EDIT: this seems sort of like saying that throwing a brick through a window achieves many exaflops because simulating the physics in real time would require that performance. I'd like to read more about this value and how someone came up with it, but googling just gives me that same scienceabc article and stuff referencing it.

[+] mikewarot|6 years ago|reply
I'm amazed that it's less than a picojoule to do an 8 bit add.
[+] scottlocklin|6 years ago|reply
The Landauer limit is about a billion times smaller than this, so there's room for power savings before we hit any physical limits.
[+] singularity2001|6 years ago|reply
So what's the name of the metric flop/sec/USD because that keeps on growing exponentially thanks to GPUs/TPUs, a paradigm shift predicted by Ray Kurzweil.
[+] yalogin|6 years ago|reply
Is there a video of this talk available somewhere?

Also can someone tell me what p4 is? Looks like almost every company and a bunch of universities are "contributors" there.

[+] musicale|6 years ago|reply
P4 is a domain-specific language for specifying packet forwarding pipelines, i.e. the hardware that takes packets in one port, decodes their headers (e.g. destination MAC or IP address), munges them somehow (e.g. updating TTL, destination MAC, and checksum), and sends them out another port. This enables you to build all sorts of network devices from Ethernet switches to IP routers to RDMA fabrics, etc.. You can compile P4 onto a CPU, a smart NIC, an NPU, a programmable ASIC, an FPGA, etc.. It can also be used a bit like EBPF and compiled into a pipeline in the Linux kernel.

Basically P4 allows you to (re)program your network data plane to do whatever you want, and you can create new network protocols or change the way existing ones work without having to change your hardware and without losing line rate performance.

It's also somewhat like EBPF, but it compiles to hardware as well as software.

[+] musicale|6 years ago|reply
One interesting example of switch company using P4 is Arista, who have rolled out multi-function programmable switches (7170 series) that can be repurposed/reprogrammed with different personality profiles/operational modes as needed. Some of the profiles are things like stateful firewall/ACLs (up to 100k), large-scale NAT (again 100k), large-scale tunnel termination (up to 192k), packet inspection/telemetry (first 128 bytes), and segment routing (basically source routing over network segments.) And it is also user-programmable.
[+] almost_usual|6 years ago|reply
One of the more interesting things I’ve read on HN in awhile. Seems like this will result in a large paradigm shift for the computing industry.
[+] SkyPuncher|6 years ago|reply
I think we've already seen the shift with cellphones.
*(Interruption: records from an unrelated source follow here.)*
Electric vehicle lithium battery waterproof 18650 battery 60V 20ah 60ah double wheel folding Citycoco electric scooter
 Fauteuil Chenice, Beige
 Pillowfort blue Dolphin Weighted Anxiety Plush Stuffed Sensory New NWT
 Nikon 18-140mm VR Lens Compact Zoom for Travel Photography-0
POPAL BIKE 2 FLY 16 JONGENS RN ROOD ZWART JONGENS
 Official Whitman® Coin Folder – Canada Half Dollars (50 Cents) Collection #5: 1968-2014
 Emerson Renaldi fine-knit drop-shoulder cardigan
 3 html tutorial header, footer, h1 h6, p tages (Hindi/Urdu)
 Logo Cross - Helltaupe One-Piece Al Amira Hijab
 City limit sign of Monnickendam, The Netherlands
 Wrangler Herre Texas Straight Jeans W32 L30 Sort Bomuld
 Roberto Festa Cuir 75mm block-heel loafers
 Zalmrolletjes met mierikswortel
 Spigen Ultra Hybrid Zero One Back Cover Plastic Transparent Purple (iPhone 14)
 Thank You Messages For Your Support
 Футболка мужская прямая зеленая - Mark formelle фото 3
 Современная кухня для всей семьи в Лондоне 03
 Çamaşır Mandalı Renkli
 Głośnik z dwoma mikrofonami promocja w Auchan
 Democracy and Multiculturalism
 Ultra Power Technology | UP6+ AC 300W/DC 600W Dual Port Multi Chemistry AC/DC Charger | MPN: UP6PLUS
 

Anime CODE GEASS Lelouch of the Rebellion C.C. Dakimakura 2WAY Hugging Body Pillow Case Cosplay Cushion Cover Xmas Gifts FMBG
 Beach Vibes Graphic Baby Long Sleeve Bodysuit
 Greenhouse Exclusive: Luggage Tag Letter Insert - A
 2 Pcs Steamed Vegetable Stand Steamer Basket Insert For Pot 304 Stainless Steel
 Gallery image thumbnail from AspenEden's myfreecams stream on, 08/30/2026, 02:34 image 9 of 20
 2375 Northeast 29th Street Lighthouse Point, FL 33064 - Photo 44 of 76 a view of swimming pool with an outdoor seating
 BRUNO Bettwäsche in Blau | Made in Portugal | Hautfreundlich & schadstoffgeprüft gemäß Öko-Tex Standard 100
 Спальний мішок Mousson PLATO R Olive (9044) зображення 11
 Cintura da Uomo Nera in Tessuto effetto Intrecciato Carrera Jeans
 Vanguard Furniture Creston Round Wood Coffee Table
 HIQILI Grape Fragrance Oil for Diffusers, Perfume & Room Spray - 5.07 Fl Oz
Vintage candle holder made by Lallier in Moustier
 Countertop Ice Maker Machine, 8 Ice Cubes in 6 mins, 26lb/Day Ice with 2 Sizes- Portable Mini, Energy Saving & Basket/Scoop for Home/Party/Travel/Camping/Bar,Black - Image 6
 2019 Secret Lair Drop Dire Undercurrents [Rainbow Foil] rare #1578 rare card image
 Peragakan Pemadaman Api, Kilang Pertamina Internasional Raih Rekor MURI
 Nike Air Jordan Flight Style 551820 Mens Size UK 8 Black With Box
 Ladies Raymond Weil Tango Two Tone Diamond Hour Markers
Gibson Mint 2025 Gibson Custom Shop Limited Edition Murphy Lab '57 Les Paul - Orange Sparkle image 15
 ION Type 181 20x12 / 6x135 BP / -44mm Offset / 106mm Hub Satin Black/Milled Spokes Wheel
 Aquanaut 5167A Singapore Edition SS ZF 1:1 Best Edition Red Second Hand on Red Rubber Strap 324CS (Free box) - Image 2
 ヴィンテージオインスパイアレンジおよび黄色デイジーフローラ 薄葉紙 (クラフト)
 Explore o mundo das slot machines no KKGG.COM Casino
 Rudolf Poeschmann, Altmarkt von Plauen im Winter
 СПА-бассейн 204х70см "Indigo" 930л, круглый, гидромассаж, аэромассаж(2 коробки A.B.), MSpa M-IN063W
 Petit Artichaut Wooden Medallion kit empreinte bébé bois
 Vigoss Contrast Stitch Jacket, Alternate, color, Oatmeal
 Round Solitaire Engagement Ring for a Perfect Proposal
I think consumer facing performance processors will fade.

Data centers will continue to push for more performance. It could mean less rack space, less power consumption, and less to manage.

Cell phone/tablet focused processors will become powerful enough to handle the majority of daily tasks while enjoying extended battery life.

[+] Accujack|6 years ago|reply
There's an internet meme about "Imminent death of Moore's law predicted".

All Moore's law talks about is the density of transistors on a chip, and it's never been a linear progression of numbers. Recently I've seen news articles about some research into 5nm processes and other methods for increasing density of components on silicon, so it seems Moore's law (really Moore's rule of thumb or Moore's casual observation) isn't done yet.